→ **Work to be completed**
As you print the data below, keep every line exactly as it is and leave the images behind.

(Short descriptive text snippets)

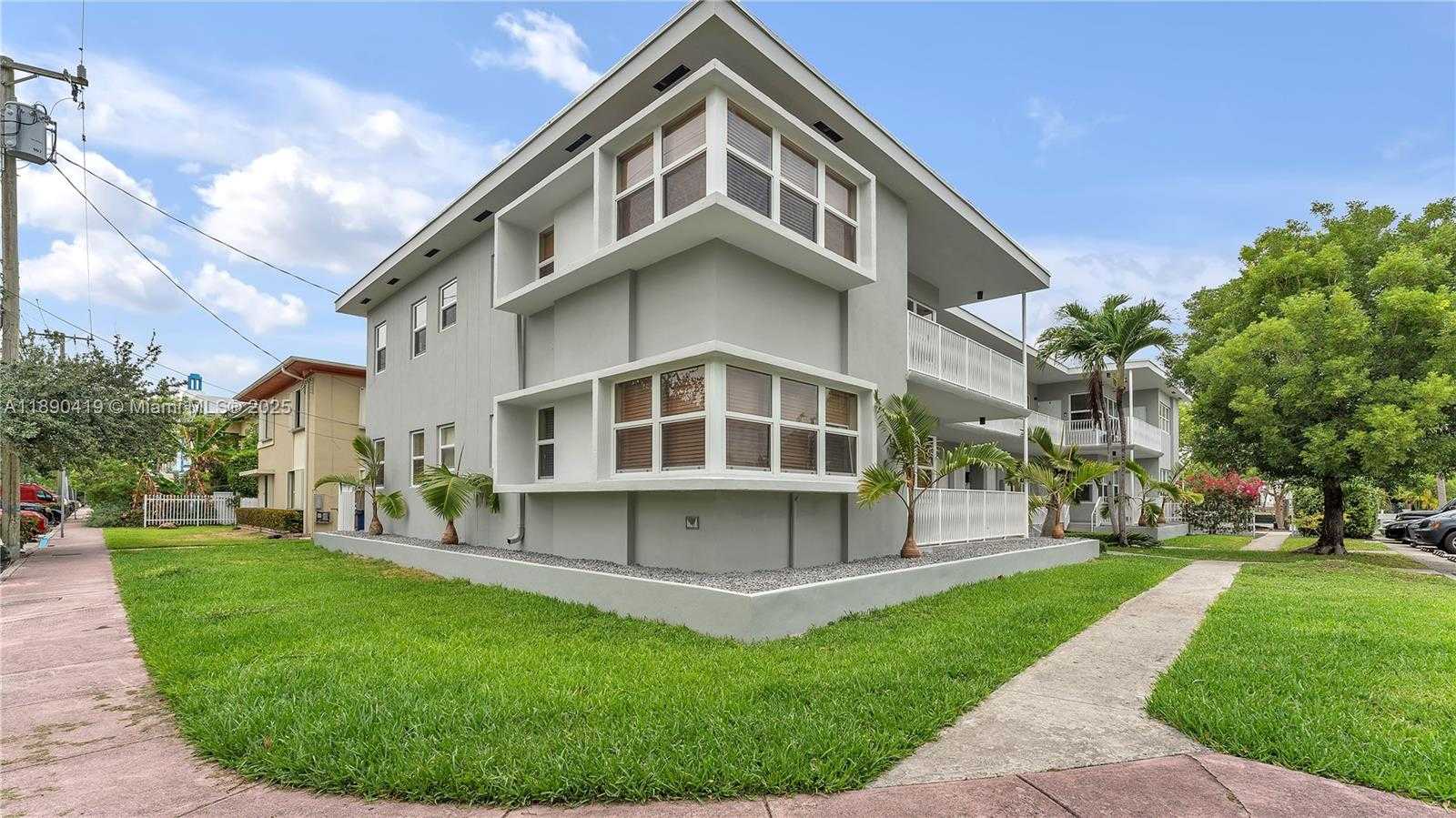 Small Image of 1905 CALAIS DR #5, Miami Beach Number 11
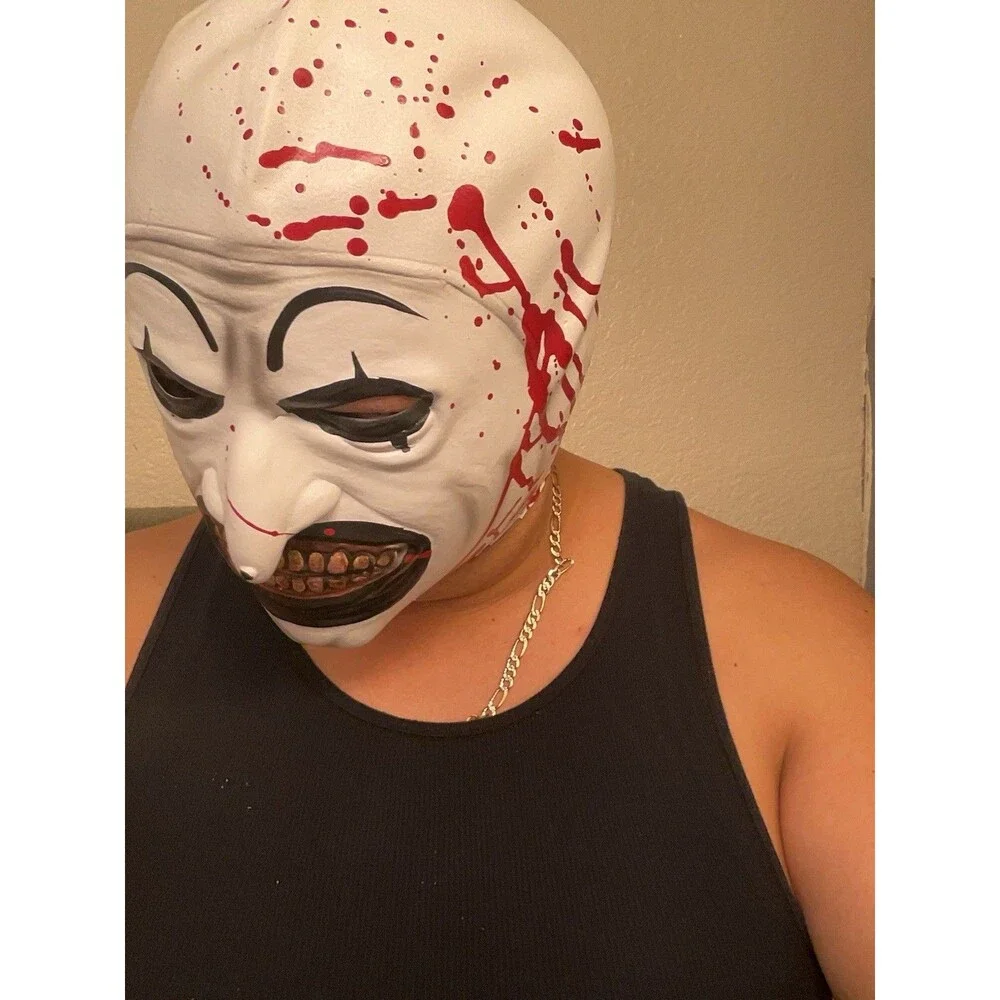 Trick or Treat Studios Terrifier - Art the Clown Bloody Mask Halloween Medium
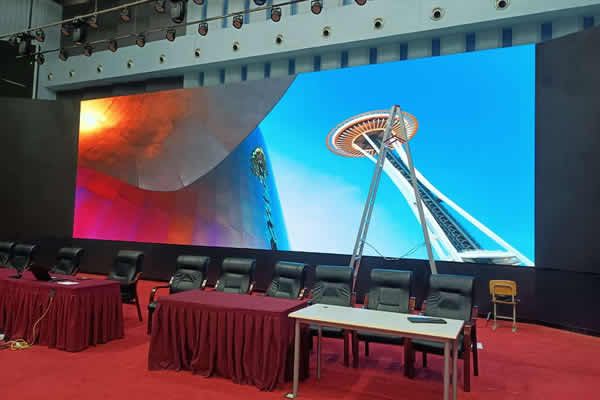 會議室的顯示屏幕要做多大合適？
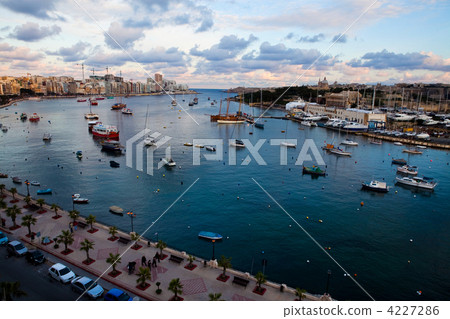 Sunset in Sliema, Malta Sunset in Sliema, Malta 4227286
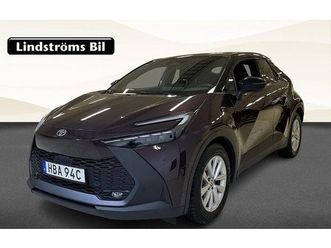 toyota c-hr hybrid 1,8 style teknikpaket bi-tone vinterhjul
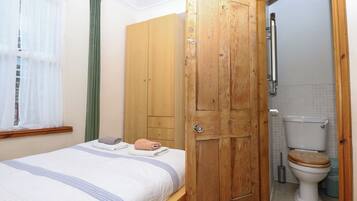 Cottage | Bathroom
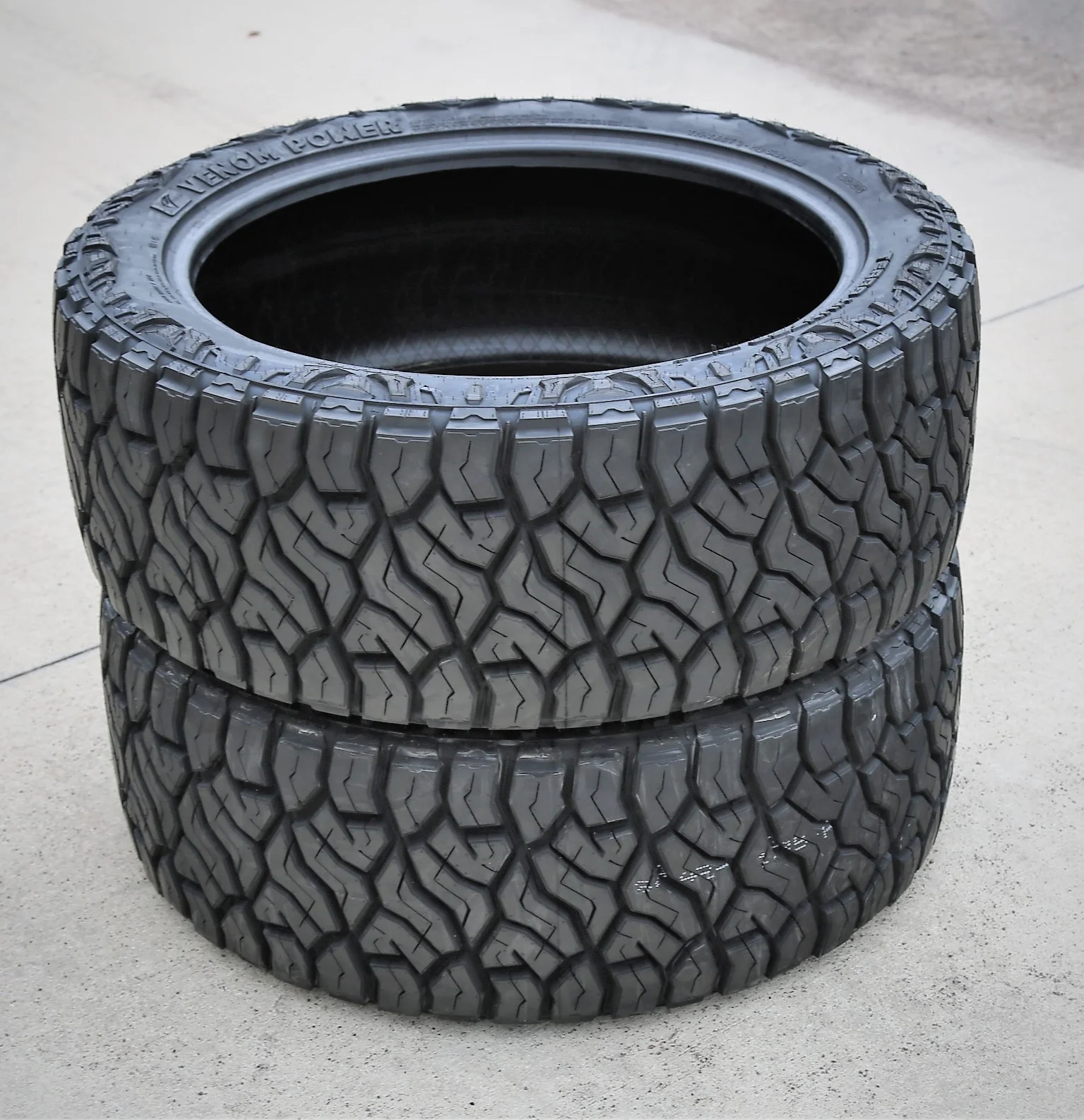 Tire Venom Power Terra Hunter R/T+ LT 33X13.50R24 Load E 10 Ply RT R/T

→ **Answer space**
 Small Image of 1905 CALAIS DR #5, Miami Beach Number 11
 Trick or Treat Studios Terrifier - Art the Clown Bloody Mask Halloween Medium
 會議室的顯示屏幕要做多大合適？
 Sunset in Sliema, Malta Sunset in Sliema, Malta 4227286
 toyota c-hr hybrid 1,8 style teknikpaket bi-tone vinterhjul
 Cottage | Bathroom
 Tire Venom Power Terra Hunter R/T+ LT 33X13.50R24 Load E 10 Ply RT R/T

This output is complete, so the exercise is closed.